Do as I say, not as I do
When cheerleaders of big government condemn tax cuts as "subsidies" that must be "paid for" and clamor for massive tax hikes, they rarely back up their talk by writing personal checks to the government to supplement supposedly vital services.
As we've been reminded this spring, their love of levies is limited to the taxes you have to pay.
Last week, The Associated Press reported that the Rev. Al Sharpton and his activist empire owe $1.5 million in back taxes and penalties. When the Rev. Sharpton briefly sought the Democratic Party's 2004 nomination for president, few candidates could match his passion for redistributionism. He demanded tax increases on the rich and decried corporations that legally sidestep the IRS.
But the Rev.

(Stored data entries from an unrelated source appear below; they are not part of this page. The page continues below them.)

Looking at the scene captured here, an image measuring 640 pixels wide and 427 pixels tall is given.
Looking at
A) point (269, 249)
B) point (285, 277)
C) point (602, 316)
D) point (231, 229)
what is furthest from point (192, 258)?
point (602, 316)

Sharpton, whose civil rights shenanigans have made him "rich" by any definition of the word, wasn't practicing what he was preaching. Not only did he avoid paying federal and New York income taxes, his National Action Network wasn't meeting its workers compensation and unemployment insurance obligations -- payments that directly benefit the injured and downtrodden.
The Rev. Sharpton, of course, has labeled federal efforts to collect his tax debts as "intimidation."

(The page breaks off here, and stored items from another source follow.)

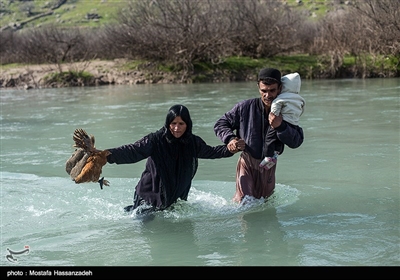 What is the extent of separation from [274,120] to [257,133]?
17.6 inches

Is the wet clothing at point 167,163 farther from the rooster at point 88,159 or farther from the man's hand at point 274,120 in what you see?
the man's hand at point 274,120

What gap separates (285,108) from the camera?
540 cm

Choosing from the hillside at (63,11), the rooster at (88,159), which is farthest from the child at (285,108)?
the hillside at (63,11)

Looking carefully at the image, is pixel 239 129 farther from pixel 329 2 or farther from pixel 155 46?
pixel 329 2

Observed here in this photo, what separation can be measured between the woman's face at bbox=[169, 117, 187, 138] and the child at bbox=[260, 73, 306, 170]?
808mm

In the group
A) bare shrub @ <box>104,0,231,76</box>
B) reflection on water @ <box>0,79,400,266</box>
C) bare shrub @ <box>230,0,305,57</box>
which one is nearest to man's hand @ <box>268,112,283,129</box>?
reflection on water @ <box>0,79,400,266</box>

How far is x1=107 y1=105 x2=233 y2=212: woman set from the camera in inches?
212

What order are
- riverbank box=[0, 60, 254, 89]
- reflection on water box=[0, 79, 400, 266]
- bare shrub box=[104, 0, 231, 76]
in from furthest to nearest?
bare shrub box=[104, 0, 231, 76] → riverbank box=[0, 60, 254, 89] → reflection on water box=[0, 79, 400, 266]

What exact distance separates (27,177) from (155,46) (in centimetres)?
2189

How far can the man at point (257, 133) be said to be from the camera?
542cm

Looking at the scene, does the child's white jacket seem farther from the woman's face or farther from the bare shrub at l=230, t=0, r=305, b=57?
the bare shrub at l=230, t=0, r=305, b=57

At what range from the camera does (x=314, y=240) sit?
17.1ft

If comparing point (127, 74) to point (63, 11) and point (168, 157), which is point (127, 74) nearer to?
point (168, 157)

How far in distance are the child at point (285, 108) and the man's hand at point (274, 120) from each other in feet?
0.11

However, as liberals go, the Rev. Sharpton looks like Rush Limbaugh next to former Ohio Sen. Howard Metzenbaum. In 19 years on Capitol Hill, Sen. Metzenbaum, who died March 12 at age 90, ferociously attacked industry, deregulation and attempts to cut taxes. Despite being a very wealthy businessman himself, he proclaimed his loyalties were to working-class taxpayers.
Yet Sen. Metzenbaum so disliked Ohio's punitive tax structure that, six years before his death, he officially changed his residence to Florida, which has no state income tax or death tax. In the end, he wanted governments to get as little of his estate as possible.